Data section start

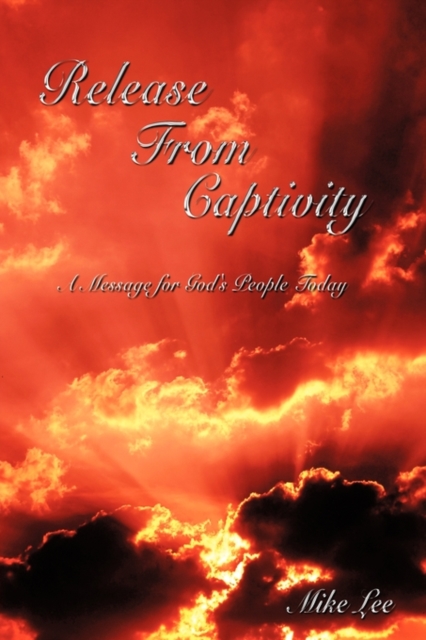 Release From Captivity : A Message for God's People Today, Paperback / softback Book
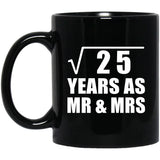 5th Anniversary Square Root of 25 Years As Mr & Mrs - 11oz Coffee Mug Black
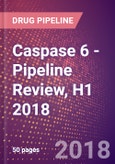 Caspase 6 (Apoptotic Protease Mch 2 or CASP6 or EC 3.4.22.59) - Pipeline Review, H1 2018- Product Image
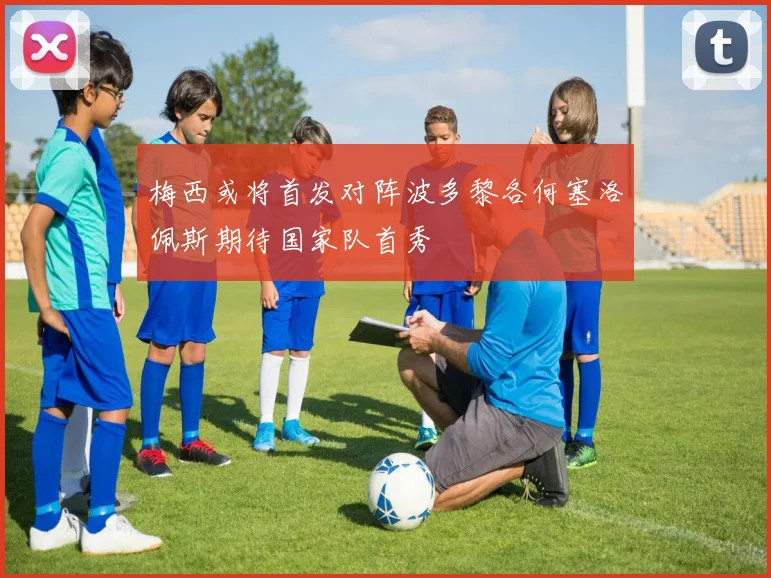 梅西或将首发对阵波多黎各何塞洛佩斯期待国家队首秀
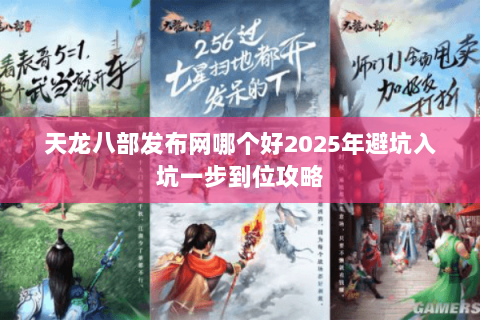 天龙八部发布网哪个好2025年避坑入坑一步到位攻略 天龙八部发布网哪个好2025年避坑入坑一步到位攻略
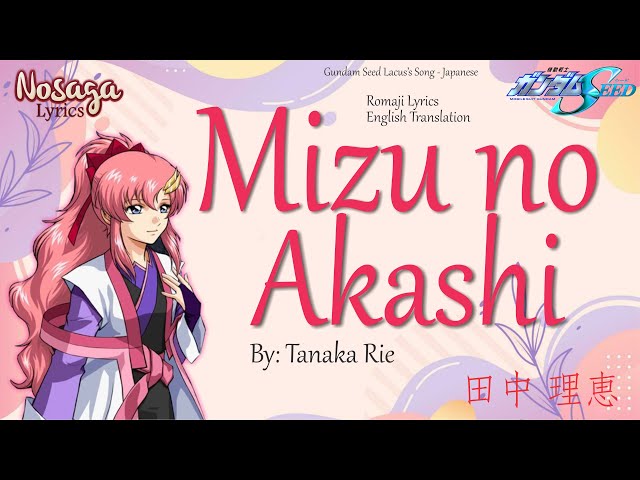 Mizu no Akashi  - Tanaka Rie (田中 理恵) - Gundam Seed Lagus Song (Romaji Lyrics & English Translation) class=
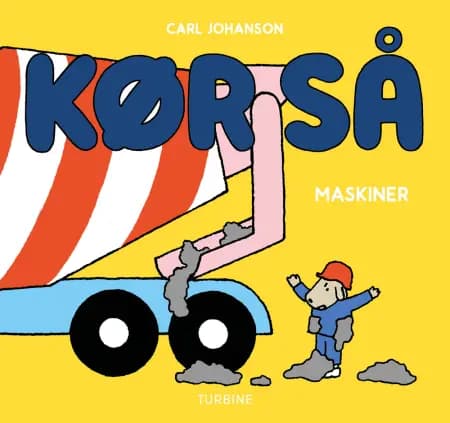 Kør så - maskiner af Carl Johanson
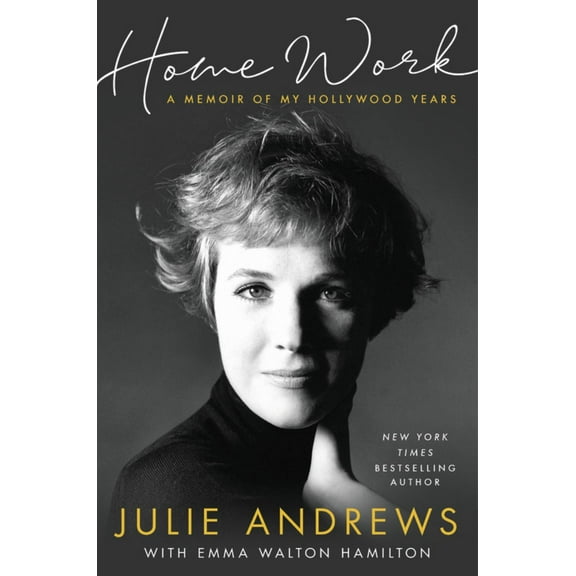 Home Work: A Memoir of My Hollywood Years (Hardcover)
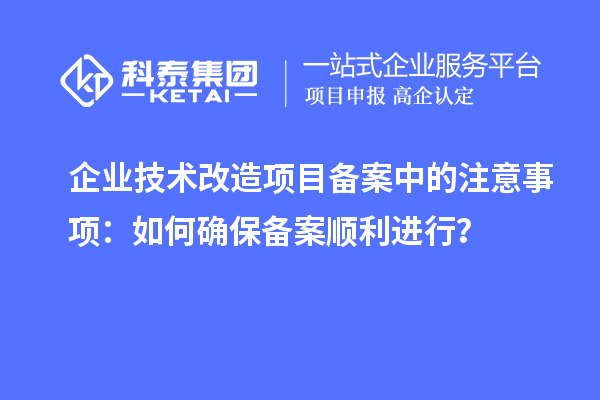 企業(yè)技術(shù)改造項目備案中的注意事項：如何確保備案順利進(jìn)行？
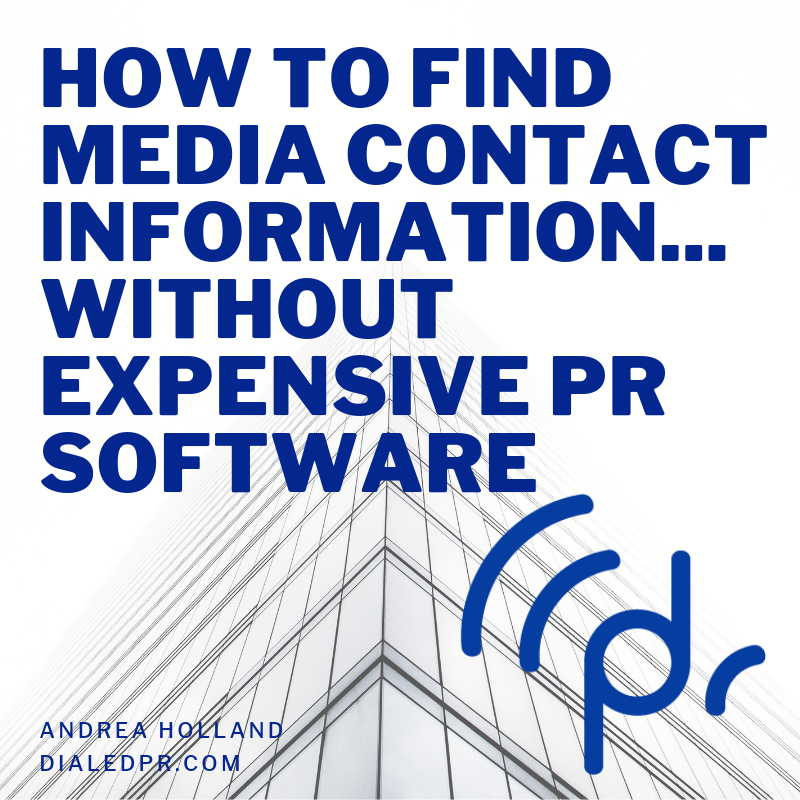 HOW TO FIND MEDIA CONTACT INFORMATION...WITHOUT EXPENSIVE PR SOFTWARE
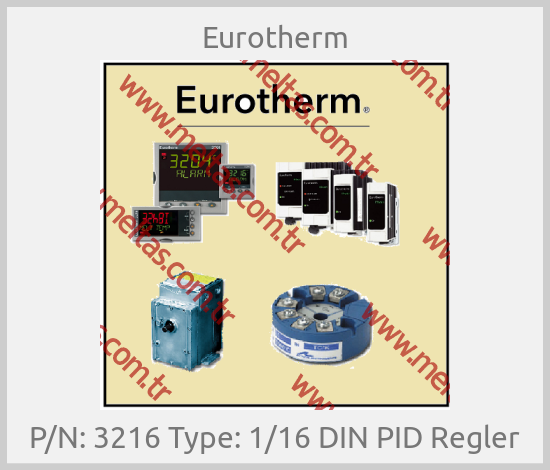 Eurotherm-P/N: 3216 Type: 1/16 DIN PID Regler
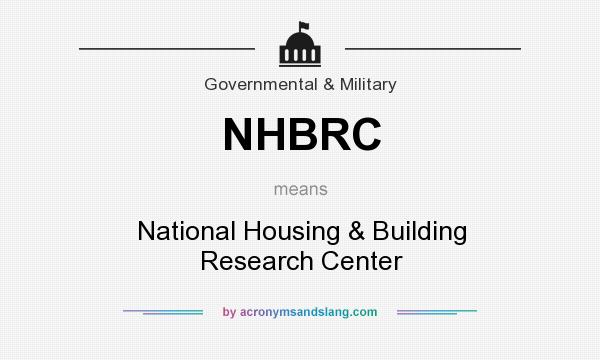 What does NHBRC mean? It stands for National Housing & Building Research Center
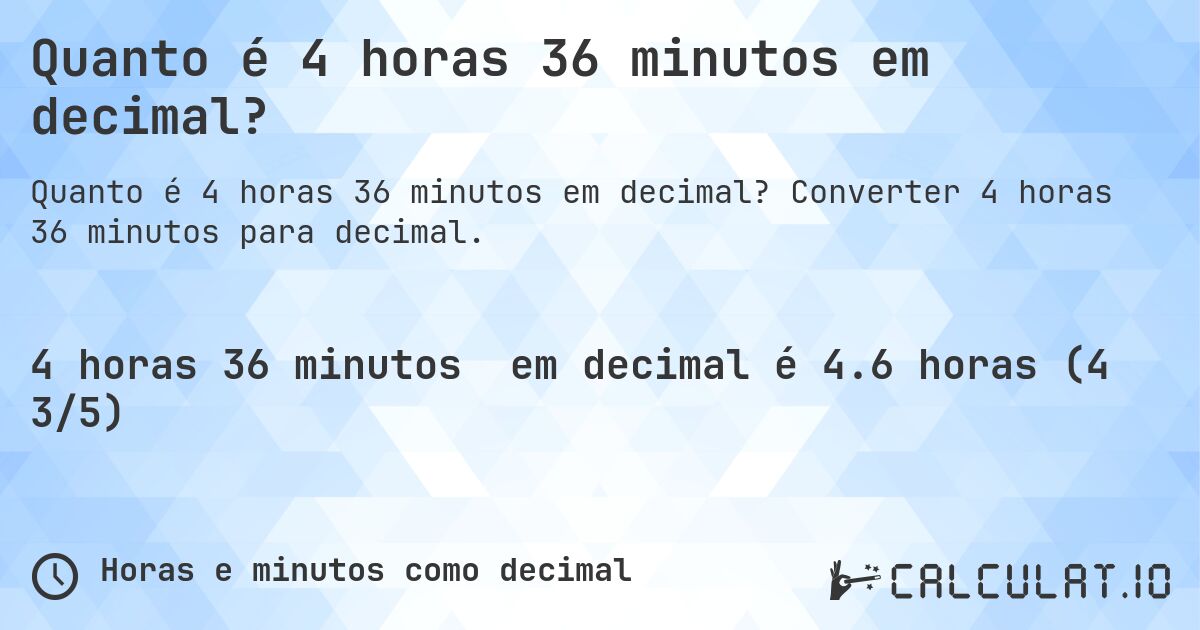 Quanto é 4 horas 36 minutos em decimal?. Converter 4 horas 36 minutos para decimal.
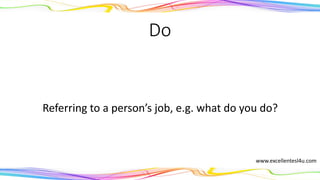 Do
Referring to a person’s job, e.g. what do you do?
(verb)
www.excellentesl4u.com
 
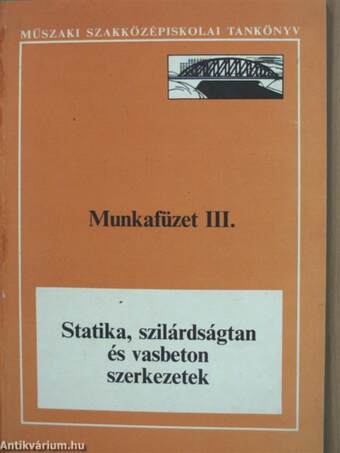 Statika, szilárdságtan és vasbeton szerkezetek III. - Munkafüzet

Data section end

What the exercise asks →
Omit the pictures. Repeat the rest of the data exactly.

Reply to the task →
 Release From Captivity : A Message for God's People Today, Paperback / softback Book
 5th Anniversary Square Root of 25 Years As Mr & Mrs - 11oz Coffee Mug Black
 Caspase 6 (Apoptotic Protease Mch 2 or CASP6 or EC 3.4.22.59) - Pipeline Review, H1 2018- Product Image
 梅西或将首发对阵波多黎各何塞洛佩斯期待国家队首秀
 天龙八部发布网哪个好2025年避坑入坑一步到位攻略 天龙八部发布网哪个好2025年避坑入坑一步到位攻略
 Mizu no Akashi  - Tanaka Rie (田中 理恵) - Gundam Seed Lagus Song (Romaji Lyrics & English Translation) class=
 Kør så - maskiner af Carl Johanson
 Home Work: A Memoir of My Hollywood Years (Hardcover)
 企業(yè)技術(shù)改造項目備案中的注意事項：如何確保備案順利進(jìn)行？
 HOW TO FIND MEDIA CONTACT INFORMATION...WITHOUT EXPENSIVE PR SOFTWARE
 Eurotherm-P/N: 3216 Type: 1/16 DIN PID Regler
 What does NHBRC mean? It stands for National Housing & Building Research Center
 Quanto é 4 horas 36 minutos em decimal?. Converter 4 horas 36 minutos para decimal.
 Do
Referring to a person’s job, e.g. what do you do?
(verb)
www.excellentesl4u.com
 
 Statika, szilárdságtan és vasbeton szerkezetek III. - Munkafüzet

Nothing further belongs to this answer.